What the exercise asks -> Although the data below holds other lines too, output only those from the line with "Beeld, Spirit of" up to and including the line with "2 Baumann Sleigh Chairs", exactly as they appear.

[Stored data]
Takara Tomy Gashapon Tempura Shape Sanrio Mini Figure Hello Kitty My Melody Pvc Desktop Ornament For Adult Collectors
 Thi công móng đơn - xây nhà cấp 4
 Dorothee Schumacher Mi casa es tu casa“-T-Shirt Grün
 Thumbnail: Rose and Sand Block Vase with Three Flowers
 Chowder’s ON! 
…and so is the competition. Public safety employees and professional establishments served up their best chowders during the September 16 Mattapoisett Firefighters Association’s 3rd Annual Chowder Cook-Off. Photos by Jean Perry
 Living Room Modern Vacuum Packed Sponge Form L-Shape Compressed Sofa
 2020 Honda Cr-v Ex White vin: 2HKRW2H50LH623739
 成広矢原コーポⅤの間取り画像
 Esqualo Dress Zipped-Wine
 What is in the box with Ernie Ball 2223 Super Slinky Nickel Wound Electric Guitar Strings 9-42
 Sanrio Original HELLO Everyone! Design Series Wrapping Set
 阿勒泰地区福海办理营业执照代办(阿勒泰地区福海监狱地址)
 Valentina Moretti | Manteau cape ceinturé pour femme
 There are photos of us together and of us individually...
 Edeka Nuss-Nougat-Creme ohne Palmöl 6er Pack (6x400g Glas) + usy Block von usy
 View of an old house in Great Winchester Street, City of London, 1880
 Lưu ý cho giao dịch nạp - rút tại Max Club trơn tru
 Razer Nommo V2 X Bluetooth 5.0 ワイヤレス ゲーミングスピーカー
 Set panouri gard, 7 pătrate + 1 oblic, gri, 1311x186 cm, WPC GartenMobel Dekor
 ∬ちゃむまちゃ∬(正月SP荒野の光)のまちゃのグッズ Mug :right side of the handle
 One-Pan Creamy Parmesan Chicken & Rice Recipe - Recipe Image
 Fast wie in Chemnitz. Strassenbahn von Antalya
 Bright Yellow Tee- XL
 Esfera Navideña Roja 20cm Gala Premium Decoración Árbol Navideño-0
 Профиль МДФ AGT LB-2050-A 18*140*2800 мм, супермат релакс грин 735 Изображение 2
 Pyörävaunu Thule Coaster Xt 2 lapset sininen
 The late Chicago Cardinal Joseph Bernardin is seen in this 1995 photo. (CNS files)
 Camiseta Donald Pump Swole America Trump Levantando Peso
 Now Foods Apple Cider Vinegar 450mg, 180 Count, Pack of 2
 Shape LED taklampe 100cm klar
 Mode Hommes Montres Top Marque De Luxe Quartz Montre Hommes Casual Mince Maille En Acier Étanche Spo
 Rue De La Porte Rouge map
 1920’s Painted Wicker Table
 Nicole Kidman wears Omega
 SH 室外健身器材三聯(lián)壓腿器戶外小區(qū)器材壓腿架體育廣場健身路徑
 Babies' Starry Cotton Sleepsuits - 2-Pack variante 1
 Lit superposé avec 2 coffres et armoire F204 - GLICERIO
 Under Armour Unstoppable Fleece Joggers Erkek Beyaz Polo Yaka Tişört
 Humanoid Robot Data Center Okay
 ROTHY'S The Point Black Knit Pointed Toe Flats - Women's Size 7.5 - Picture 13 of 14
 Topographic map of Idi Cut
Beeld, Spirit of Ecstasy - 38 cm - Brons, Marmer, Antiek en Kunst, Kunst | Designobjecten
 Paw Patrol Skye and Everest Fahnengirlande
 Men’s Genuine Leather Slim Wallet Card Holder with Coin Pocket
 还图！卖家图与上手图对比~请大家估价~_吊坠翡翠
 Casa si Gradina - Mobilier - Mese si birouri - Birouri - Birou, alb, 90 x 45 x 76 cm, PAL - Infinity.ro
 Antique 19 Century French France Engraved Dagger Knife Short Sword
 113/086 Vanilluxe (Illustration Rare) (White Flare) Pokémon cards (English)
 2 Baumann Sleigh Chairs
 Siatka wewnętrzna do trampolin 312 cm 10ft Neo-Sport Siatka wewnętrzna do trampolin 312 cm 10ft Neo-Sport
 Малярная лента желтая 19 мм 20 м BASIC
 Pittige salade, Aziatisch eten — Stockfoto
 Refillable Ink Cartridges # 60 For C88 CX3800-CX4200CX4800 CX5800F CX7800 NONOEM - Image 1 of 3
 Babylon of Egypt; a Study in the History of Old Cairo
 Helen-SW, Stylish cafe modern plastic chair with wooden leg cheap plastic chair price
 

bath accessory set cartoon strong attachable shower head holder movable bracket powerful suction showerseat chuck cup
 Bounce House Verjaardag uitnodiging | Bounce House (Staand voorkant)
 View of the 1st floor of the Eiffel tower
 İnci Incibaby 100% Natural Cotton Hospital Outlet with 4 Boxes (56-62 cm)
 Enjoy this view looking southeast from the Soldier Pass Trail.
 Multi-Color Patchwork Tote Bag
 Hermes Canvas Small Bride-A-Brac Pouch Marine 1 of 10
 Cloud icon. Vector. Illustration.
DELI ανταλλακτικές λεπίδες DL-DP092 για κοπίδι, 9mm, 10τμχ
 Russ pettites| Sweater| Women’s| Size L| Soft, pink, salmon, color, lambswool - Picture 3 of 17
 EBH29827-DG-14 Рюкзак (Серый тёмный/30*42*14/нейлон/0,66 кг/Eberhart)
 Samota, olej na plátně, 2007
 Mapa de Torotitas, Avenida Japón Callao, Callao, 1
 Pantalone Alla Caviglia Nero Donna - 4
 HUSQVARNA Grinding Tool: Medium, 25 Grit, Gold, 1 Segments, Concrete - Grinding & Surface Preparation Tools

Solution to this task ->
Beeld, Spirit of Ecstasy - 38 cm - Brons, Marmer, Antiek en Kunst, Kunst | Designobjecten
 Paw Patrol Skye and Everest Fahnengirlande
 Men’s Genuine Leather Slim Wallet Card Holder with Coin Pocket
 还图！卖家图与上手图对比~请大家估价~_吊坠翡翠
 Casa si Gradina - Mobilier - Mese si birouri - Birouri - Birou, alb, 90 x 45 x 76 cm, PAL - Infinity.ro
 Antique 19 Century French France Engraved Dagger Knife Short Sword
 113/086 Vanilluxe (Illustration Rare) (White Flare) Pokémon cards (English)
 2 Baumann Sleigh Chairs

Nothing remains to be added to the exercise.